Rebecca Solnit’s peripatetic education

Just what kind of a writer is Rebecca Solnit? It’s not an easy question to answer, given the effortless way she crosses the borders of disciplines and genres. Her irrepressible curiosity has led her to investigate and reflect on a diverse range of subjects: landscapes both rural and urban, politics, the environment, indigenous people, technology, gender, art, and photography. Each of the labels that have been used to describe her—historian, journalist, cultural theorist, critic, activist—bumps up against the others.

A look at her publication history further illustrates that capacious quality. Her ten nonfiction books have been alternately published by major houses and by small and university presses.

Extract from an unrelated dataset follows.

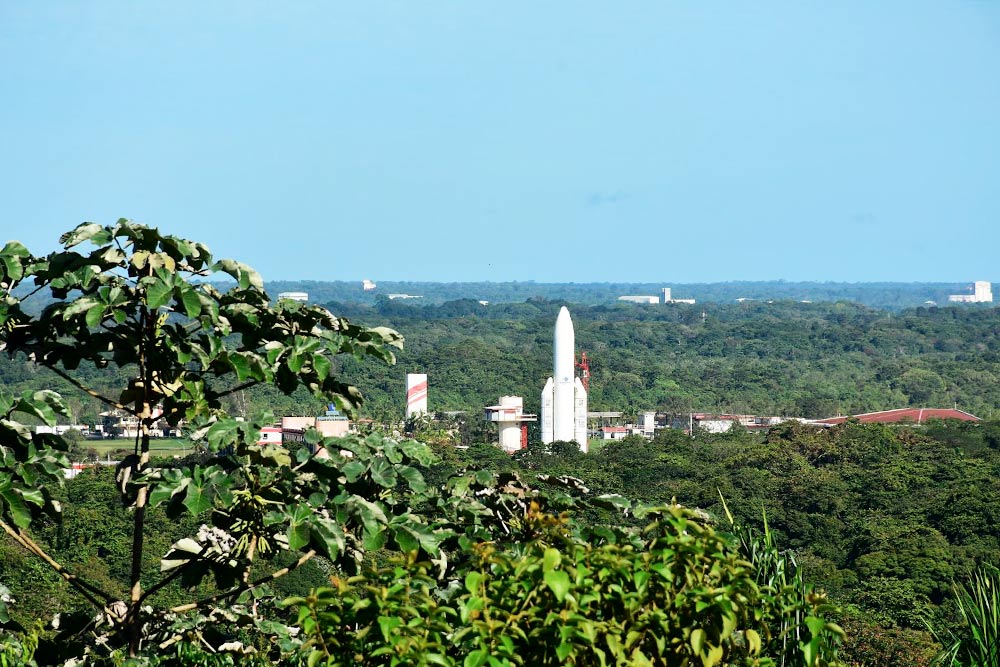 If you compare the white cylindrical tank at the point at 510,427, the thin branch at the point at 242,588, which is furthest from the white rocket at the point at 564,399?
the thin branch at the point at 242,588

The essays collected in her new book, Storming the Gates of Paradise: Landscapes for Politics (University of California Press), have appeared over the past decade in such prominent publications as The Nation, the San Francisco Chronicle, the London Review of Books, and the nature journal Orion, as well as on the left-wing blog TomDispatch (edited by Tom Engelhardt) and as introductions to art books published in limited editions and overseas. Solnit is a prolific writer who spreads the wealth.

When I read Solnit’s River of Shadows: Eadweard Muybridge and the Technological Wild West upon its release in 2003, I felt like my mind was on fire. I picked up the book not knowing Solnit’s previous work and expected a dutiful, mildly interesting biography of the pioneering nineteenth-century photographer. Instead, the book flowered into a history of the origins of the modern world. Muybridge’s studies of human and animal locomotion, Solnit proposed, broke time down into its smallest components and paved the way for the invention of cinema and television; along with the railroad, the first invention capable of transporting humans faster than water or wind power, Muybridge’s work led to what she calls “the industrialization of time and space.” Solnit followed those radical shifts through to the wired world of today, and “the disembodiment and exhilaration of everyday life.”

River of Shadows introduced me to Solnit’s distinctive style: using measured, graceful prose, and relying equally on intuition and analysis, she makes thrilling leaps and connections, following tangents and linking ideas. “The straight line of conventional narrative,” she writes in the introduction to Storming the Gates of Paradise, “is too often an elevated freeway permitting no unplanned encounters or necessary detours. It is not how our thoughts travel, nor does it allow us to map the whole world rather than one streamlined trajectory across it. I wanted more, more scope, more nuance, more inclusion of the crucial details and associations that are conventionally excluded.”

Solnit’s first book, Secret Exhibition (1990), about a group of avant-garde artists in 1950s San Francisco, drew upon her early years as an art critic; her art writings were later collected in 2001 in As Eve Said to the Serpent: On Landscape, Gender, and Art. Savage Dreams (1994) established her terrain—the American West—and the overarching themes of landscape and politics. An antinuclear activist at the Nevada Test Site in the 1980s, Solnit associated the human and environmental costs of the government’s bomb testing program in the Great Basin with the genocide committed against the Native Americans in the Yosemite Valley in the mid-nineteenth century.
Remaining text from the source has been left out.